DATASET SECTION:
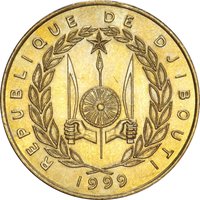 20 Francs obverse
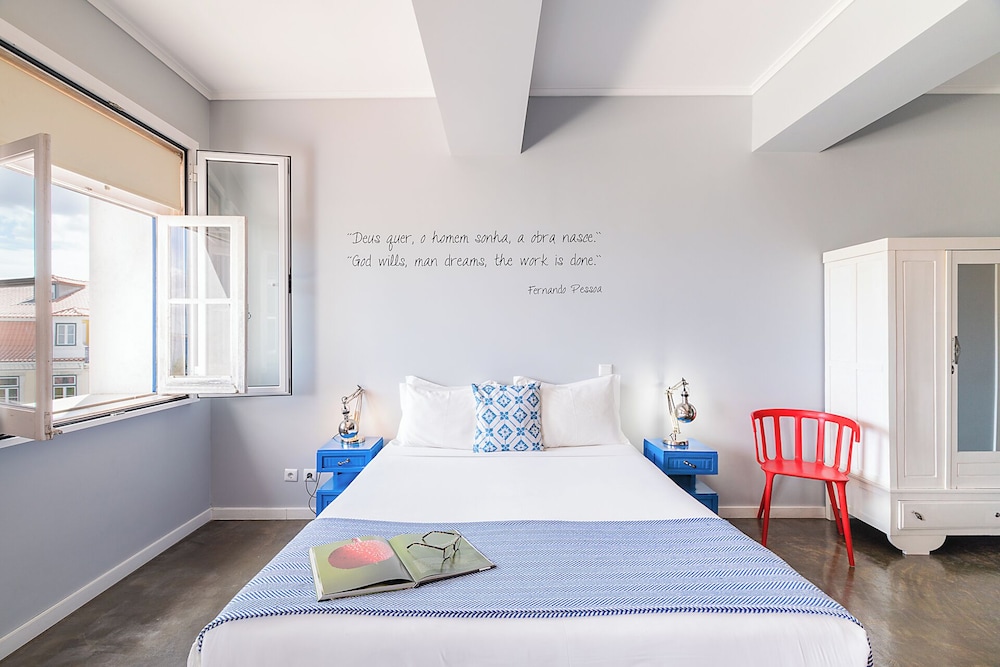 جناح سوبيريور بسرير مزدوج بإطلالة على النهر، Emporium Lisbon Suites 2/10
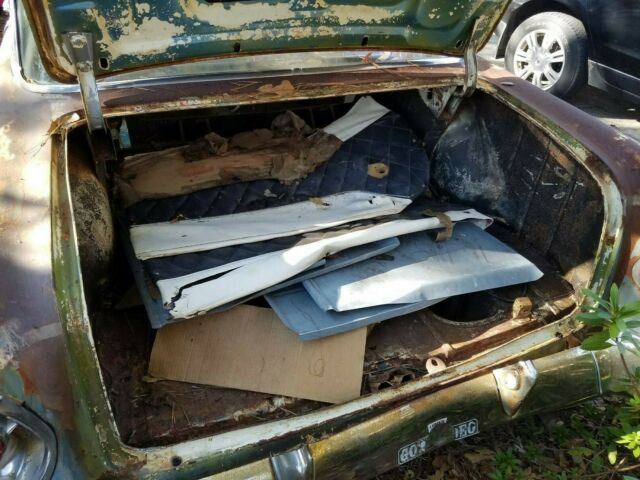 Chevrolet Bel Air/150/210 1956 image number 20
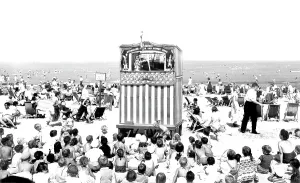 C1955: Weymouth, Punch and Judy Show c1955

TASK OBJECTIVE:
Without any pictures, write out the lines running from the one containing "جناح سوبيريور بسرير" through the end of the listing above, both included, exactly as given.

ANSWER:
 جناح سوبيريور بسرير مزدوج بإطلالة على النهر، Emporium Lisbon Suites 2/10
 Chevrolet Bel Air/150/210 1956 image number 20
 C1955: Weymouth, Punch and Judy Show c1955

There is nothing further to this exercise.